Berlin/Düsseldorf Martin Schulz verlor keine Zeit. Direkt nachdem sich CDU, CSU und SPD am Montagmittag in der Europapolitik einigten, wandte sich der SPD-Chef an die Basis. Die Partei solle eine Große Koalition als Chance für die Europapolitik begreifen. Über einen Messenger-Infodienst schrieb Schulz an die Parteimitglieder: „Wir haben jetzt eine echte Chance, zusammen gerade auch mit Frankreich, Europa demokratischer, sozialer und handlungsfähiger zu machen.“ Das sei im Interesse der Bürger Deutschlands und aller Europäer. „Ich würde mir sehr wünschen, dass wir diese Chance jetzt auch nutzen.“

Schulz weiß: Mit der Einigung über einen Koalitionsvertrag hätte er nur den ersten von zwei Schritten zu einer Regierungsbeteiligung getan. Das letzte Wort haben die knapp 450.000 SPD-Mitglieder. Nur wenn sie in einem Mitgliederentscheid mehrheitlich Ja zu einem Koalitionsvertrag beider Seiten sagen, kann eine Große Koalition zustande kommen.

Sobald der Koalitionsvertrag steht, will das SPD-Präsidium festlegen, in welchem Zeitraum die Mitglieder über eine erneute Große Koalition abstimmen dürfen. Da das Mitgliedervotum als reine Briefabstimmung durchgeführt wird, bekommt jedes Mitglied per Post seine persönlichen Abstimmungsunterlagen zugeschickt. Um bei der Auszählung der Stimmen berücksichtigt zu werden, müssen die ausgefüllten Unterlagen bis 24 Uhr am Abstimmungsstichtag im Postfach des Parteivorstandes eingegangen sein.
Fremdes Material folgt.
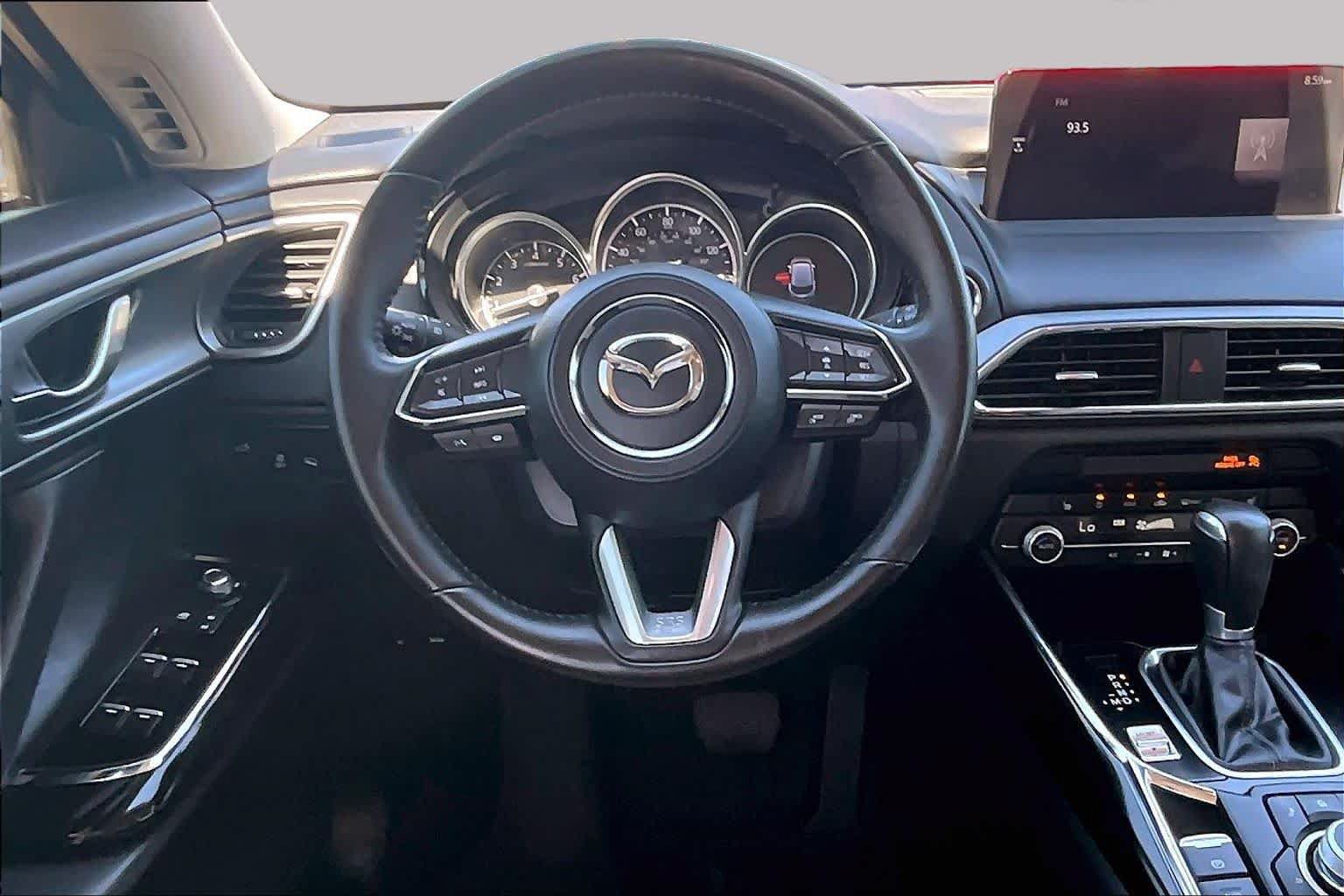 Used 2023 MAZDA CX-9 Touring AWD/4WD image 6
Der ganze Abstimmungsprozess dürfte gut drei Wochen in Anspruch nehmen. Über den Kurznachrichtendienst Twitter kursierte bereits der 4. März als der Tag, an dem das Ergebnis des Mitgliederbescheids veröffentlicht würde. SPD-Parteisprecherin Elena Pieper erklärte aber postwendend: „Der Termin, an dem das Ergebnis bekanntgegeben wird, wird von den Parteigremien beschlossen, sobald sie das nächste Mal tagen. Bis dahin steht der genaue Tag nicht fest.“

Der Zeitraum der Abstimmung dürfte für Schulz und die weiteren Befürworter arbeitsreich werden. Zusammen mit SPD-Fraktionschefin Andrea Nahles und Generalsekretär Lars Klingbeil wird der Parteivorsitzende durch Deutschland reisen, um für die Zustimmung der Mitglieder zu werben. Gleichzeitig gehen auch die GroKo-Gegner wie der Juso-Vorsitzende Kevin Kühnert auf Tour, wie dieser bereits ankündigte.
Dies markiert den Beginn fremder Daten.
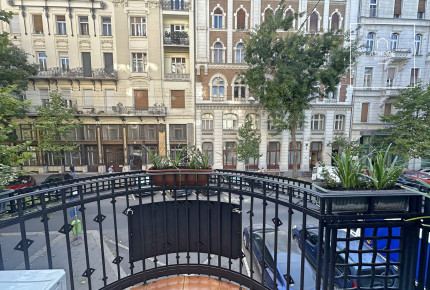 Two bedroom apartment in the 5th district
Vorab haben die Mitglieder die Möglichkeit, sich selbst ein Bild vom Koalitionsvertrag zu machen. Dieser wird an die Mitglieder verschickt und auf der Internetseite der SPD sowohl komplett als auch als Kurzfassung einsehbar sein. Zudem sind in den Ortsvereinen, Unterbezirken und Landesverbänden/-bezirken Diskussionsveranstaltungen geplant, zu denen die Genossen eingeladen werden. Gerade vor Ort könnten die Ergebnisse heftig diskutiert und um eine Mehrheit gerungen werden.

Bereits auf dem Parteitag im Januar war verbissen um den Start der Koalitionsverhandlungen mit der Union gestritten worden. Nur 56 Prozent der Delegierten und Vorstandsmitglieder entschieden sich damals dafür, die Verhandlungen aufzunehmen. Dieses Mal könnte das Ergebnis noch knapper ausgehen. Denn Schulz köderte die Zustimmung der Delegierten mit dem Versprechen, in den Verhandlungen mit der Union für Verbesserungen der Sondierungsergebnisse zu kämpfen. Nahles sagte, man werde verhandeln, „bis es quietscht“.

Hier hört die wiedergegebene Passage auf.